(Supplied data)
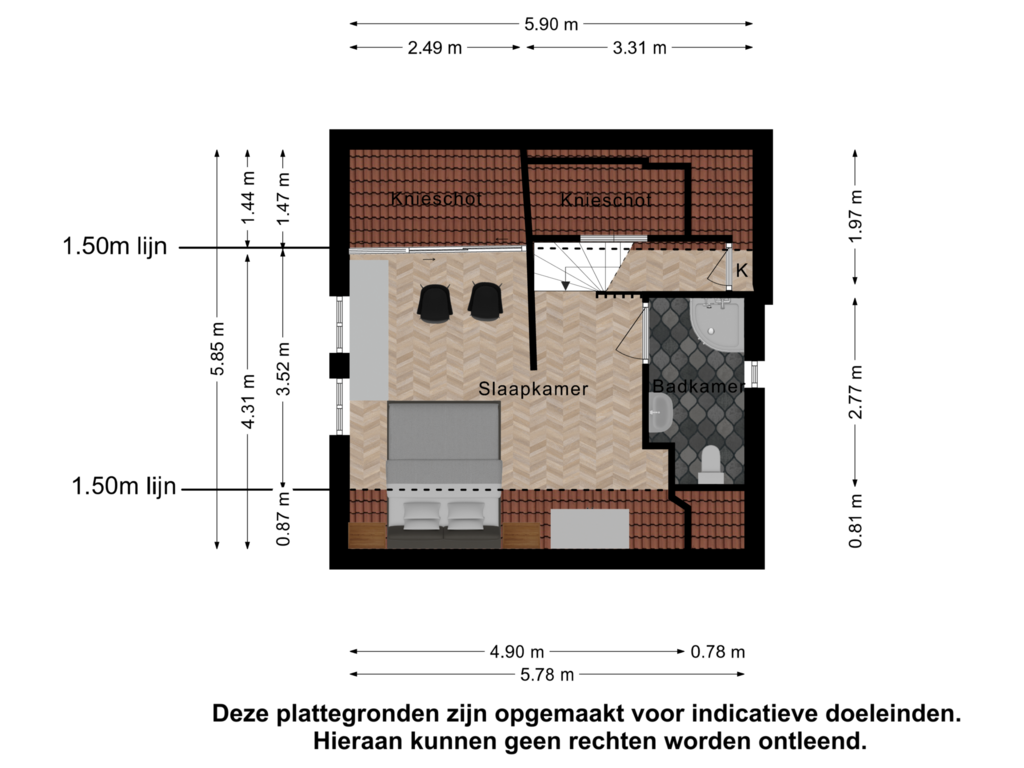 Bekijk plattegrond van 1e Verdieping van Glacisstraat 21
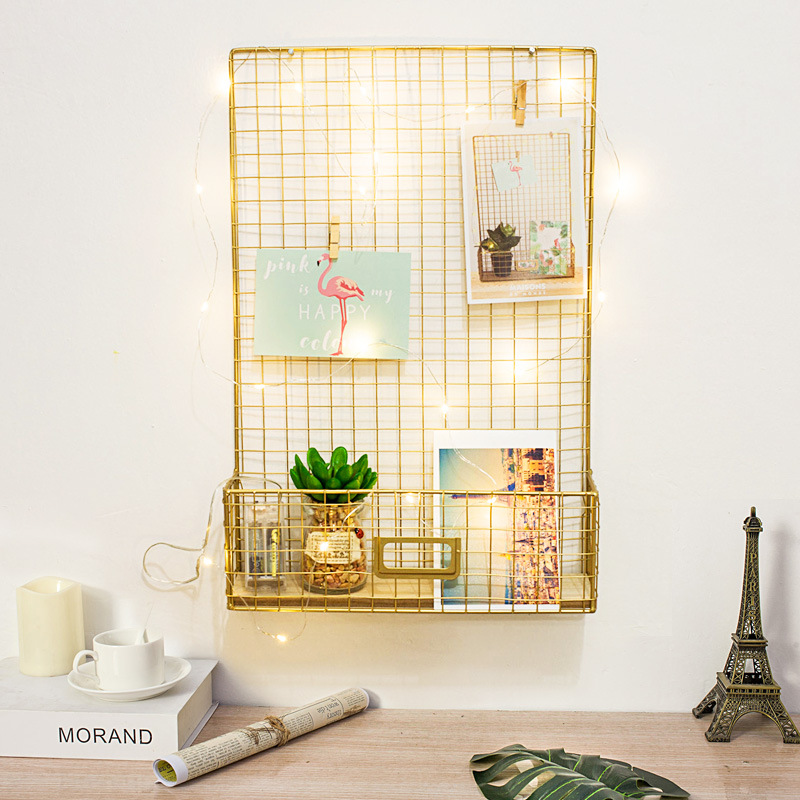 Gold Grid Wall Shelf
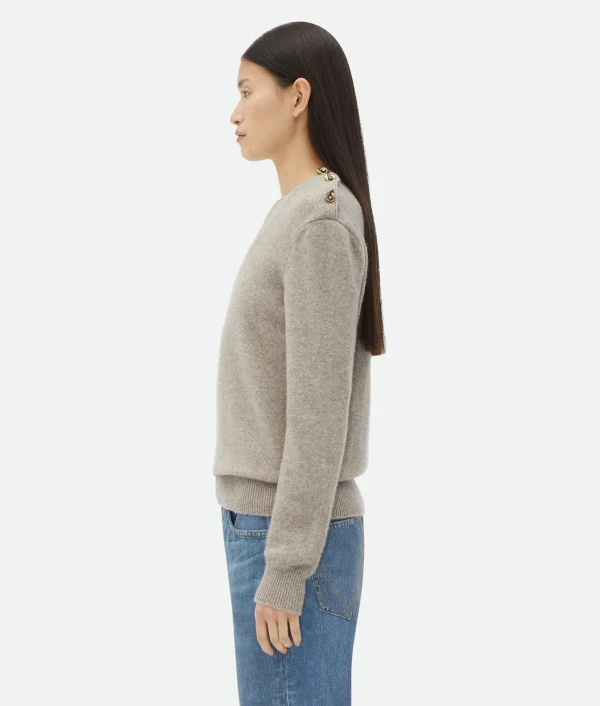 Bottega Veneta Cashmere Sweater With Knot Buttons>Women Knitwear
(End Supplied data)
▶ **Description of the task**
Starting with the top line, write out all the data above exactly; keep the pictures out.

▶ **Answer below**
 Bekijk plattegrond van 1e Verdieping van Glacisstraat 21
 Gold Grid Wall Shelf
 Bottega Veneta Cashmere Sweater With Knot Buttons>Women Knitwear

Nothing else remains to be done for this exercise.